__Your assignment__. Without changing a word, repeat the data, and include no pictures.

__Data segment__.
------------

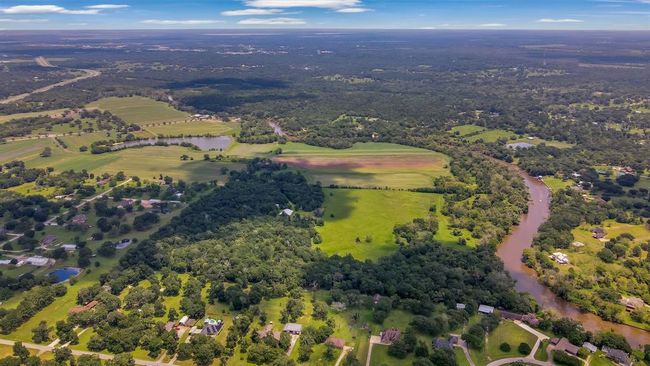 250 County Road 498, Home with 3 bedrooms, 2 bathrooms and 6 parking in Sweeny TX | Image 27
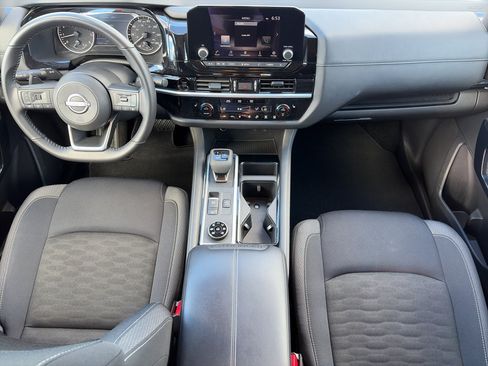 Used 2025 Nissan Pathfinder SV AWD/4WD image 33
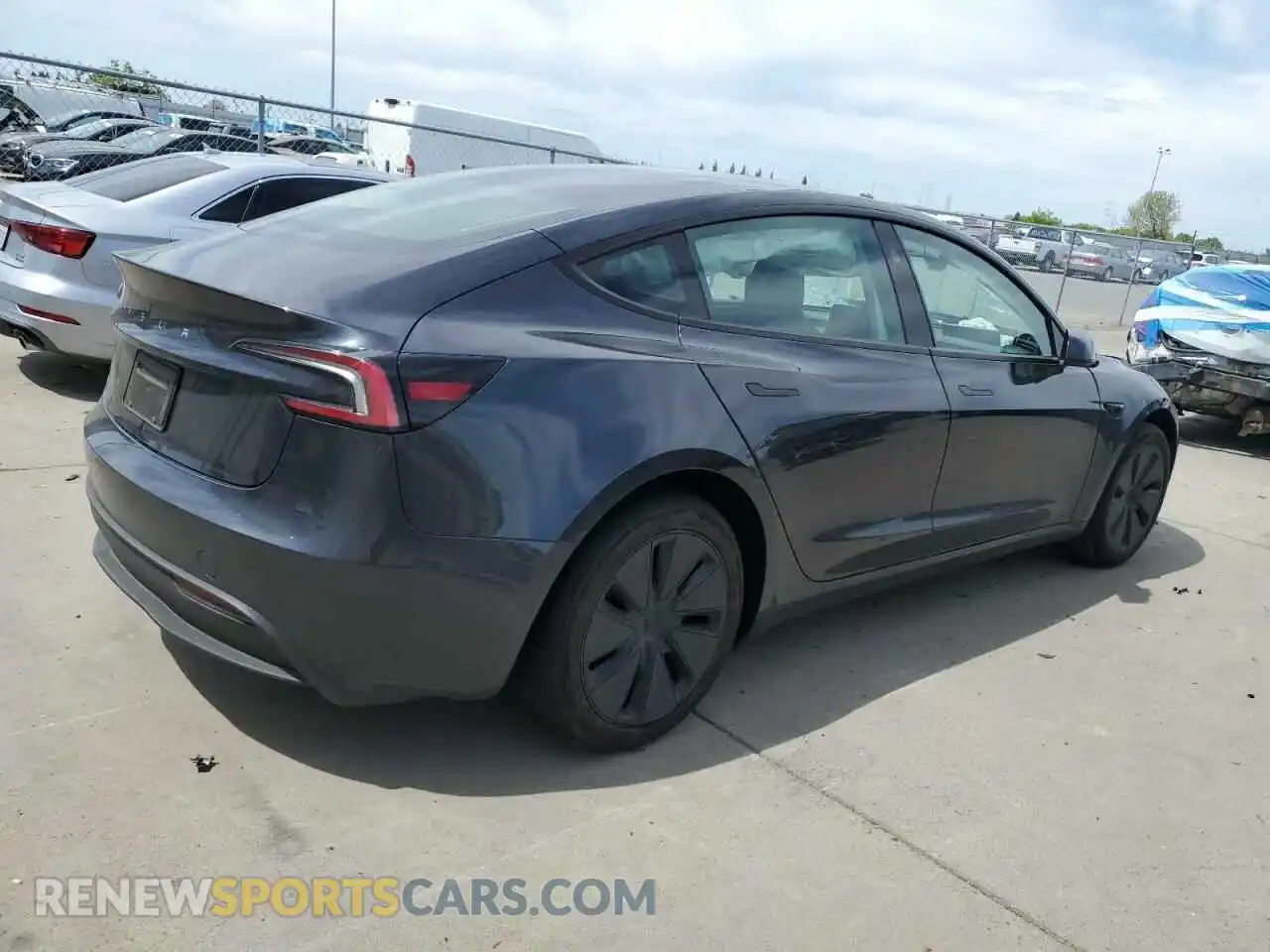 3 Photograph of a damaged car 5YJ3E1EAXRF718546 TESLA MODEL 3 2024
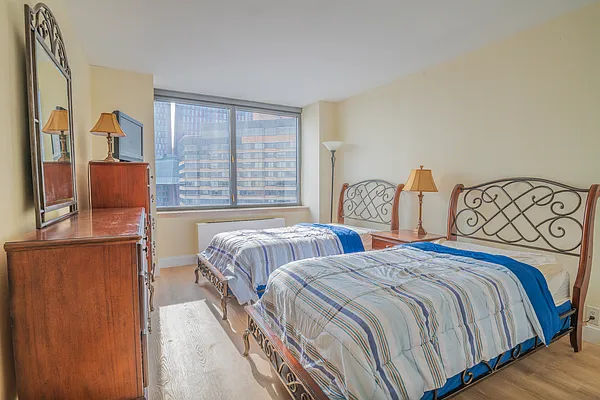 Rented by Luxury Habitat | media 22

------------

__Response for this exercise__.
 250 County Road 498, Home with 3 bedrooms, 2 bathrooms and 6 parking in Sweeny TX | Image 27
 Used 2025 Nissan Pathfinder SV AWD/4WD image 33
 3 Photograph of a damaged car 5YJ3E1EAXRF718546 TESLA MODEL 3 2024
 Rented by Luxury Habitat | media 22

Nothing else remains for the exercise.